Мы снова замолчали. Поток она начала:
— Однажды в старое доброе время…
Я откинулся на спинку папиного стула и подобрал под себя ноги.
…жил-был человек, у которого не было живота. Каждый день человек служил в большом храме. Однажды он встретил живот без тела. Живот сказал: «Я везде тебя ищу. Что ты делаешь без меня?» И затем живот прыгнул на человека и стал его частью. Человек продолжил свой путь в храм. Но по дороге он очень сильно проголодался. Живот сказал: «Накорми меня». «Не буду тебя кормить, — ответил человек. — Когда тебя не было, я был сильный, ходил далеко и никогда не был голоден, и всегда был счастливый и довольный. Ты или уходи от меня или успокойся…»
Где-то на середине маминого рассказа я слетел со стула и полетел на спине сверчка, и сам я был человеком без живота, спешащим на праздник на луне.

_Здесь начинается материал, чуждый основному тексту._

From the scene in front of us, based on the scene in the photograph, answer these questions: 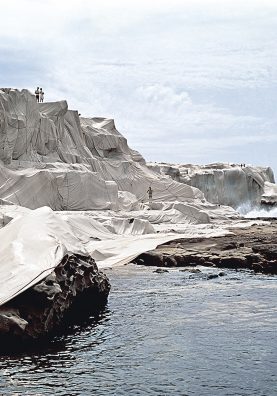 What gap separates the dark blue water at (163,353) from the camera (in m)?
9.05

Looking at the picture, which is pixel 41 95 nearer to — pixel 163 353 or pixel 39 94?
pixel 39 94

Затем я почувствовал, что открываю глаза. На столе горела свеча. Папа стоял надо мной, покачиваясь. Он выглядел одновременно подавленным и ошеломленным.
— Мои мозги сплющены, сын мой, — сказал он.
Я быстро встал с его стула. Он прошелся туда-сюда по комнате, склонив голову. И затем тяжело опустился на стул и успокоился.
— Я нашел свечу на рынке, — сказал он и заснул.
Мама положила на стол еду и разбудила его. Он заморгал.
— Во сне я тащил самую ужасную ношу, — простонал он.
— Ты должен поесть, — сказала Мама.
Мы собрались вокруг стола. Папа на двигался. Пламя свечи падало на его лицо. На шее проступили напряженные сухожилия. Его лицо поблескивало, и вены набухли на висках. Он удивил нас, вдруг заговорив:
— Они скоро все испортят своей политикой, — сказал он усталым голосом призрака. — Прежде чем позволить тебе тащить их ношу, они хотят знать, за кого ты будешь голосовать.
Он сделал паузу. Его глаза были в кровавых прожилках.
— Если ты хочешь голосовать за партию, поддерживающую бедных, то они дадут тебе самую тяжелую ношу. Я сейчас чувствую себя ослом.
— Поешь, ты устал, — сказала Мама.
Папа закрыл глаза и стал бормотать что-то, — как я понял, это было его молитвой. Он долго не открывал глаз. И только когда он опять начал сопеть, мы поняли, что он уснул. Мама не хотела будить его второй раз, поэтому мы съели половину еды, а другую половину оставили ему на утро. Мы ели еще тише, чем крысы.
* * *
Когда я проснулся, Папа уже ушел и оставил после себя только запахи ботинок, грязи, сигарет, москитной спирали и пота. Настроение в комнате было заражено его усталостью.
Мы разделили нашу еду. На утро у нас оставались только хлеб и каша. Мама почти на голодный желудок отправилась на рынок торговать вразнос своими коробками спичек, сладостями, сигаретами, всякой всячиной. Она выглядела гораздо более утомленной, блузка висела на ней и тесемки спадали с плеч, словно она усохла в своих одеждах.
Пока я шел с ней по дороге до развилки, где мы расстались, я чувствовал себя несчастным из-за тихого ее голоса среди бодрых звуков гетто. Когда она шла по каменистой дороге, то казалась такой хрупкой, что малейший ветерок мог унести ее с собой на раскаленное небо. Прежде чем уйти, она дала мне кусок хлеба и сказала, чтобы в школе я вел себя хорошо. Я пошел за ней. Она была босиком. Мне было больно видеть, как она наступает на всякий мусор и камни на дороге. Мне было горько от того, что я не мог идти с ней торговать, не мог поберечь ее ноги, помочь ей продать все ее товары. Она обернулась и махнула мне, чтобы я шел в школу. Я замедлил шаги, остановился и смотрел, как она исчезает в многолюдном гетто.